A total of 187,200 jobs were created in the non-farm private sector in 2016, the highest annual figure since 2007 before the global financial crisis slammed the world economy.
The most dynamic quarter of the year was the September-December period when 64,400 jobs were created.
Philippe Waechter, chief economist at Natixis, a French investment bank, said the rise was "in line with improving sentiment among business leaders who are anticipating an increase in activity." The French central bank raised its growth forecasts for this year on Thursday, saying it now expected the economy to expand by 1.3 percent from 1.1 percent in 2016.
This remains below the Socialist government's forecast of 1.5 percent, but is in line with many private forecasters and the OECD who have also been adjusting their outlook for France upwards. The uptick in job creation comes too late for Socialist President Francois Hollande who decided in December not to stand for re-election after having failed to lower the unemployment rate of around 10 percent over his five-year term.
He staked his future on tax incentives for new positions and pro-market economic reforms, such as changes to France's rigid labour code, which he hoped would generate fresh employment. "It's surprising that with growth so low we have managed to create so many jobs," economist Mathieu Plane from the OFCE economic think tank at Sciences Po university in Paris observed.

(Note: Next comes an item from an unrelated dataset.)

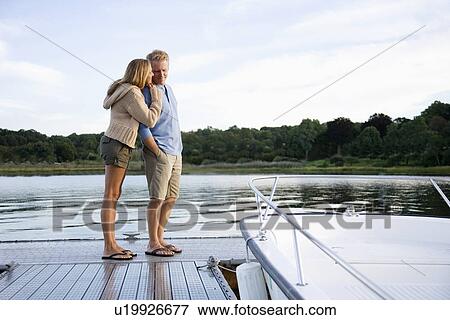 Couple standing on pier View Large Photo Image Stock Photo - Couple standing on pier. Fotosearch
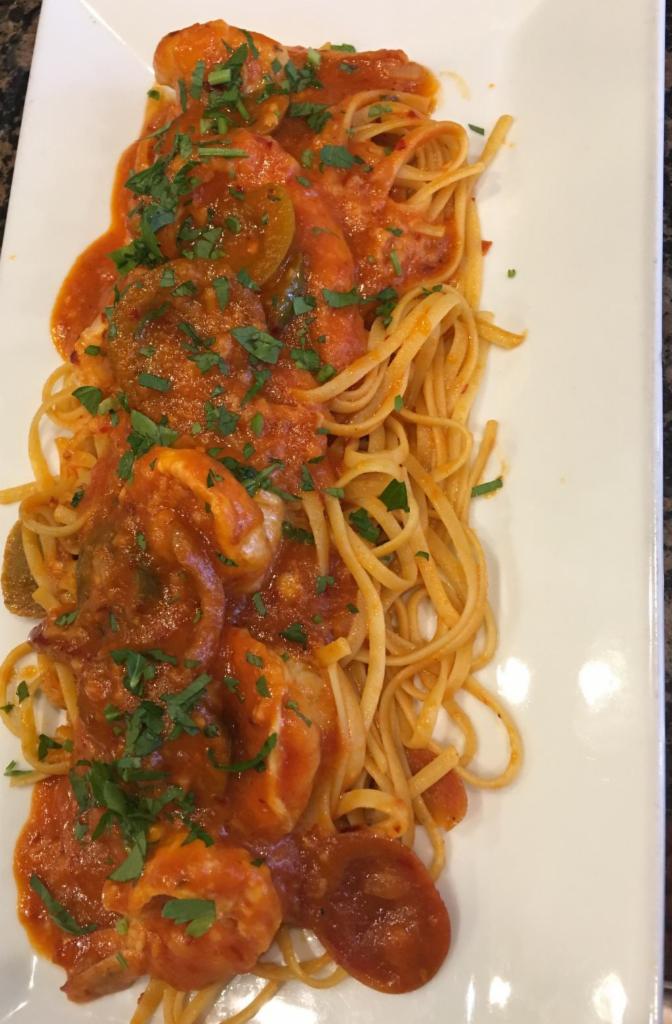 Shrimp Fra Diavolo · Jumbo shrimp baked with breadcrumbs, butter wine, lemon, garlic and olives oil. Served with your choice of side, Pasta or Salad and Bread.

French growth still lags the eurozone's as a whole, which is forecast by the European Central Bank to expand by 1.8 percent in 2017. Unemployment remains double the rate of that of Germany or Britain. Polls show that jobs are the main concern for French voters, far more than immigration or security despite a string of attacks on France since 2015. Independent centrist Emmanuel Macron, a 39-year-old former economy minister responsible for one of Hollande's main pro-market reforms, is currently the favourite to be the next president.